Around permissions: a bit off topic but we have David Horvitz's piece "Without Permission" In The Window at AirSpace this week. We have displayed his work without asking for his permission.
One of the things I have really been thinking about since our meeting was Johnny talking about the value of participation: and measuring that. Thanks for giving more detail here: I was thinking about that model you presented Johnny, could be also exploring quality vs quantity.
Is it better to work with one person for 1000 minutes or 1000 people for one minute? 1:1000 vs 1000:1
I quite like the idea of a project which really tests this idea. How do you measure the value?

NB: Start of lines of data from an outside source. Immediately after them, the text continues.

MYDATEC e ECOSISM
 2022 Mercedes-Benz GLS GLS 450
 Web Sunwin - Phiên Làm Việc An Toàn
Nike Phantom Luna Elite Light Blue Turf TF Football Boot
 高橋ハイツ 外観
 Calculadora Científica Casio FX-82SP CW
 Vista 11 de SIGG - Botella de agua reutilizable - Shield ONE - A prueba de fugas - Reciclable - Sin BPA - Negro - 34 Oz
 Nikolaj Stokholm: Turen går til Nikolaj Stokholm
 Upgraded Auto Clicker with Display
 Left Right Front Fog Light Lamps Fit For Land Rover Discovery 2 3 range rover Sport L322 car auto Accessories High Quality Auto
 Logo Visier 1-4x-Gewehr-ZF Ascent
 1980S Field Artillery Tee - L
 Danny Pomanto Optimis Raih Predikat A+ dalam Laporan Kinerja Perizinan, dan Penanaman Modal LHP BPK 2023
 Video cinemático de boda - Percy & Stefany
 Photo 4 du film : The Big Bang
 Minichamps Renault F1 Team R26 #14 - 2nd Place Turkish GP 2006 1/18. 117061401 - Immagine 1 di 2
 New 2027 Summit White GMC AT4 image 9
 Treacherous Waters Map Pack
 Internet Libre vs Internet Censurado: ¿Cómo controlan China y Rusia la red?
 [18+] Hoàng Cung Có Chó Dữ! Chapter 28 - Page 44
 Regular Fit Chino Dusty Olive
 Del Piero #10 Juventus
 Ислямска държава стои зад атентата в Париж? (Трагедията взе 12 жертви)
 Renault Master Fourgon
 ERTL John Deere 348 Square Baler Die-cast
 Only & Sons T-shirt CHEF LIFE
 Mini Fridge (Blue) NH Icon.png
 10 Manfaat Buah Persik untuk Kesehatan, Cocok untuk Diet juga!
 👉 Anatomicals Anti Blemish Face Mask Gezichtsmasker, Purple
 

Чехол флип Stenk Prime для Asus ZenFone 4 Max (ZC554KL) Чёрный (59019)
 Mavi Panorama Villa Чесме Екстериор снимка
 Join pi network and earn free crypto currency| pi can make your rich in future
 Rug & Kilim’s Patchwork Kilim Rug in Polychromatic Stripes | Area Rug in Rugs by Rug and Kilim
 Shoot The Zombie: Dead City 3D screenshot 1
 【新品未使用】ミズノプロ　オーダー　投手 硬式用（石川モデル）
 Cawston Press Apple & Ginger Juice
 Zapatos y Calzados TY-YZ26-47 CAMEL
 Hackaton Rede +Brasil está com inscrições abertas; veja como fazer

And then the other thing I meant to tell you about was the project I did recently in Harlech. Full details on my blog. This involved 3 different versions of 'How To Explore' a place. The first was a 'How To Explore' Kit for artists - the aim was to create a kit which can be used to explore a place in a different way than we might usually as a tourist. So this piece was an exploration of place from an artist's point of view. A lot of what I have done over the past few years has been around creating opportunities for artists and also sharing practice methods - through making kits and manuals for other artists to use. The Interrogation Manual is one of those: it is documentation of a project, but it also aims to be a handbook to be used by others - so for me documentation of participation can become a case book or toolkit. The How To Explore Kit then may be used by unknown artists, but is also a work in itself.
I think these three different approaches encapsulate some of the things I am interested in: and in particular the work with Rhian chime with ideas of small change - where we feel something is needed, or there is a gap, or a resource not being tapped, it encourages people to just get on and do something (however small) about it.
So: to round up: where am I heading in thinking about a project which we might do together? From what has been said:
Could we set up a project (I know there may be a bit of resistance to this due to workloads) and then aim to document and represent the project from the point of view of 1/the organisation 2/the artist(s) 3/the participants and anyone else that might be relevant - and explore how these different viewpoints end up providing a 360 representation?
The topic of the project I am unsure about at this stage: but I am still thinking a lot about Johnny's 1:1000 and 1000:1.